ドラッケンミラー氏、ドルを空売りしてゴールドを買い

ジョージ・ソロス氏のクォンタム・ファンドを運用したことで有名なスタンレー・ドラッケンミラー氏が、NBIM Annual Investment Conferenceで2023年の金融市場について語っている。

まずはドル相場とゴールドについて語っている部分を紹介したい。

ドルの下落トレンド

ドラッケンミラー氏は、現在行われているアメリカの金融引き締めが実体経済に今後どういう影響を及ぼすかを見極めなければならない今年の相場を難しいと言った上で、次のように述べている。
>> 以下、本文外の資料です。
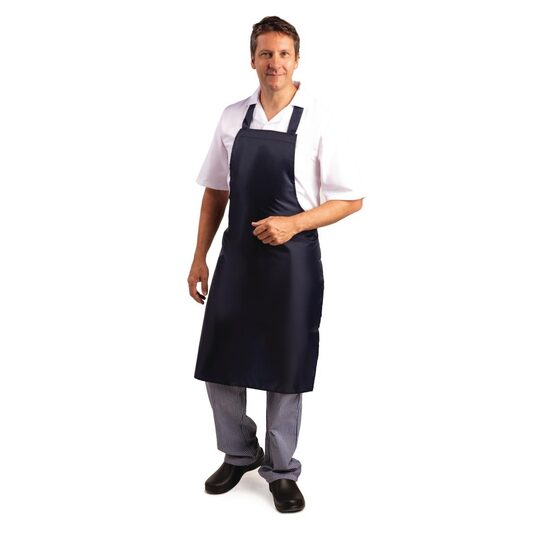 Overzicht blauw waterdicht nylon schort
今わたしが十分安心していられるポジションはドルの空売りだ。

ドルはここ半年ほど下がっているが、ドラッケンミラー氏はその下落トレンドの開始をもっとも早く予想した人物である。

そしてその後、実際にドルの空売りを開始したらしい。

ドラッケンミラー氏の宣言後、10月にはドルは実際に下落を開始した。以下はユーロドルのチャート(上方向がユーロ高ドル安)である。

何故こうなったかと言えば、2022年始めから行われていた利上げの結果、2022年秋にはアメリカのインフレ率が下がり始め、利上げの停止が視野に入り始めたからである。

2022年の秋までは利上げでドル高だった。高金利に惹かれてドルを保有したいと思う投資家が多かったからである。

ドル安の長期トレンド

だがその逆転が始まっている。そしてドラッケンミラー氏はドル安トレンドが当分続くと考えているようだ。

為替市場におけるトレンドは通常2年から3年ほど続く。

相対的にはアメリカの今後の金融引き締めは外国ほどには強くはならないだろう。

ヨーロッパではインフレがまだまだ収まっていない。

そして日本でもインフレ率は上がっている。ただ、日本の場合、政府公表の数字をそのまま信じてはいけない。理由は以下の記事に書いてある。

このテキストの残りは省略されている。